Peer criticises Board over claim that Shoah memorial opponents are ‘anti-Jewish’

Baroness Deech hits out at the 'slur' from Marie van der Zyl over the £100m project planned for Victoria Tower Gardens

Proposed design of Westminster Holocaust Memorial in Victoria Tower Gardens

A Jewish peer who opposes a new Holocaust memorial in a Royal Park next to Parliament has accused the president of the Board of Deputies of a “slur,” for branding critics of the plans as “anti-Jewish”.

Baroness Ruth Deech, one of eight Jewish peers who have argued that the £100 million should be spent on Holocaust education instead, hit out at the Board’s Marie van der Zyl this week in an increasingly tense war of words.

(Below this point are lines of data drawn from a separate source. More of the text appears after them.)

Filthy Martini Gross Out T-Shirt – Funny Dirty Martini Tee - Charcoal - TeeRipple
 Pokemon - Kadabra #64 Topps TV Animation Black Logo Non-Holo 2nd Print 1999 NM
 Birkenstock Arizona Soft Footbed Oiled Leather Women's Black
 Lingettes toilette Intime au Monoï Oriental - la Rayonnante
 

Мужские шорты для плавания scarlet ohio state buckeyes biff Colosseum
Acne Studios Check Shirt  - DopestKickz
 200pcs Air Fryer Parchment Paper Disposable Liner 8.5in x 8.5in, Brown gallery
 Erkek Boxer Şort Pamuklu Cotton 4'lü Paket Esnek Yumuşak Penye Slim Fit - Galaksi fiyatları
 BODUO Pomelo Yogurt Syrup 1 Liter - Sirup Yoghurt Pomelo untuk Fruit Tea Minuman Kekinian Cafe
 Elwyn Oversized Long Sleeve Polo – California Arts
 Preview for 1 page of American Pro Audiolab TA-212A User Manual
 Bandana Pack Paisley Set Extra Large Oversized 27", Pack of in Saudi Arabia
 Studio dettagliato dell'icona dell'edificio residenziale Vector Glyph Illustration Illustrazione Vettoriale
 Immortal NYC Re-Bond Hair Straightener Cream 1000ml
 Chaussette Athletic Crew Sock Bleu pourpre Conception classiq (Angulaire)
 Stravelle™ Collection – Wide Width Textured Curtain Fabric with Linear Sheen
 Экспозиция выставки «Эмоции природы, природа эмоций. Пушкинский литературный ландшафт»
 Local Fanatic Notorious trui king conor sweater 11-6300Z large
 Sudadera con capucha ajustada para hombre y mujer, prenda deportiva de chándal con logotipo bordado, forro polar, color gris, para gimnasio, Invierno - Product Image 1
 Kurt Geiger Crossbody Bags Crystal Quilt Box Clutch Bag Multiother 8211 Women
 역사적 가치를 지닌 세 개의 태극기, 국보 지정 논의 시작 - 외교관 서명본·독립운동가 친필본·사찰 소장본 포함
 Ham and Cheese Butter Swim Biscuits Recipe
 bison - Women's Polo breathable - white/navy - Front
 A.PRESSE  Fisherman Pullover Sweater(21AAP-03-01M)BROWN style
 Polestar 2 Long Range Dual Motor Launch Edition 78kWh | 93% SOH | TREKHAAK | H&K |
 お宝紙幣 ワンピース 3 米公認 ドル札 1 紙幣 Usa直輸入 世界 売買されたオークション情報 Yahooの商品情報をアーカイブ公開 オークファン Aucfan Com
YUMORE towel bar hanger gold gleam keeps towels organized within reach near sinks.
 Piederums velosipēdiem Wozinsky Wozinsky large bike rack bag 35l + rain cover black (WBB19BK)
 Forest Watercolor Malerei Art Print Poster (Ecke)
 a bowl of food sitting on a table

“It’s such a slur to accuse anyone who opposes that design and that location of being anti-Jewish and opposing remembrance of the Holocaust,” said Deech.

It comes just days after Westminster Council officers were revealed to be “heading towards” recommending that the planning application in the Grade-II listed park be rejected, after a Freedom of Information request revealed fraught correspondence.

The planned memorial, which will include an underground learning centre, is completely unnecessary, argues Deech and others, but former ministers Ed Balls and Lord (Eric) Pickles, who chair the memorial foundation, argue otherwise.

Baroness Ruth Deech

In a statement, the Board president called the memorial at Victoria Tower Gardens “vital” and said Westminster Council’s rejection of the planning application at a time of rising antisemitism “would send entirely the wrong signal to society,” but Deech gave the Board’s “ridiculous” position short shrift.

“Holocaust memorials, sadly, do not appear to do anything to hold back the spread of antisemitism,” she said. “I’m not saying we shouldn’t have another one, but you’ve got to stop and think what it’s supposed to achieve.

“We have five or six in this country already. Across Europe and indeed right around the world there are hundreds of Holocaust memorials and yet, especially in Europe, antisemitism is on the rise. If it’s turned down, put it somewhere else. No one is saying there shouldn’t be one.”

Balls and Pickles riled Westminster Council leader Nickie Aiken earlier this year by suggesting that her planning officers were being swayed by the number of comments opposing the memorial. Since then, the Government has paid a PR consultancy more than £100,000 to generate hundreds of positive comments.